If elected, she said she would make it a priority to prepare for the growth the district is expected to experience in the coming decades - without sacrificing quality of life for residents.

Tonkins, who in 2015 ran unsuccessfully for one of three at-large Colorado Springs City Council seats, previously worked in the business development office in her hometown of Hickory, N.C.

The 55-year-old said her past experience - from working at James Irwin Charter Middle School during its early years to her current job, performing corporate training sessions for Chicago-based ComPsych - makes her a well-rounded candidate.

She hopes to bring a voice back to those who feel underrepresented and limit government interference in residents' lives, she said.

"When I think of government, there are few things that government is supposed to do.

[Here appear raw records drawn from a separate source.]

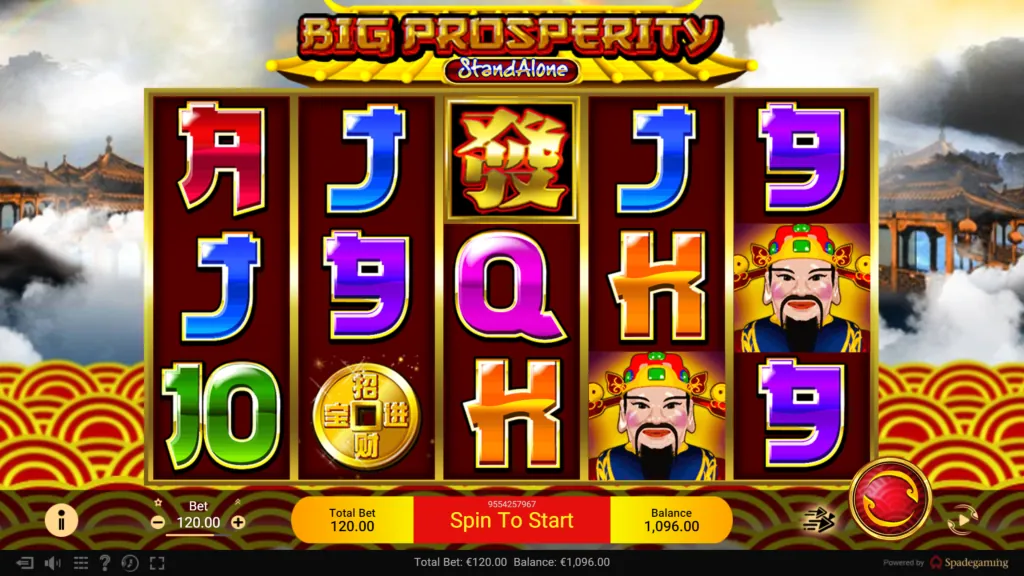 Big Prosperity slot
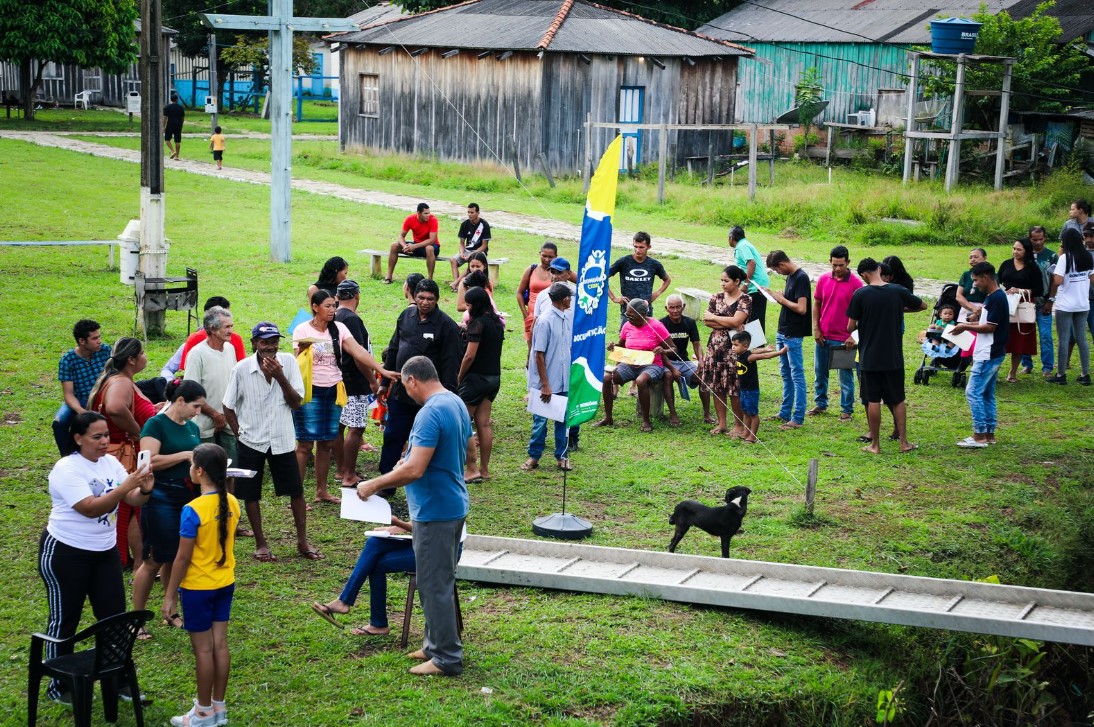 JUSTIÇA ITINERANTE: Ação volta à localidade de Demarcação depois de 6 anos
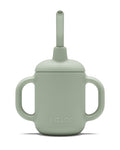 Lalo Little Cup, Non-Toxic Silicone Straw Cup by Lalo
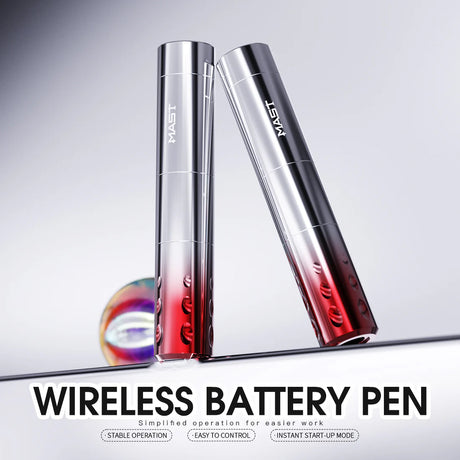 Máquina de Tatuaje Inalámbrica Mast para PMU con Trazo de 3.0 mm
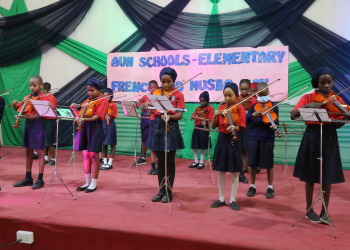 Talent, Skills on Display as AUN Elementary Marks 2022 French and Music Day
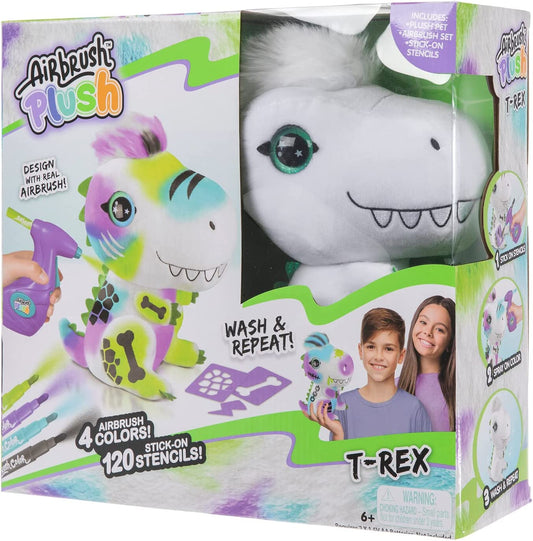 Airbrush Plush Dino*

Everything else is required by the community," she said.

Tonkins, a vocal opponent of legal recreational marijuana, said she has ideas to address issues with illegal grows in El Paso County, although she declined to share them.

Frederick, 47, told the Gazette in March she decided to run after she sought to expand her business and county staff told her not to waste her money because commissioners wouldn't approve her land-use application.

But in a more recent interview, she said dissatisfaction with the national political landscape under President Donald Trump empowered her.

"I live like most people in Colorado Springs live. I want a good life. I want a peaceful life. I want to be able to prosper," she said. "I'm willing to think outside of the box."

If elected, Frederick would push for recreational marijuana shops in unincorporated areas, which would generate tax revenue for the county, and advocate for venues where people could safely and legally use marijuana.

She would also advocate for affordable-housing projects and land-use decisions that would encourage economically diverse neighborhoods, she said.

Through May 31, Bremer had raised about $34,500, loaned her campaign $15,500, and spent about $23,700, according to campaign finance reports filed with the Secretary of State's Office.

Tonkins had raised about $15,000, loaned her campaign about $3,000, and spent about $10,600.

Frederick had not raised or spent any money on her campaign, according to the reports.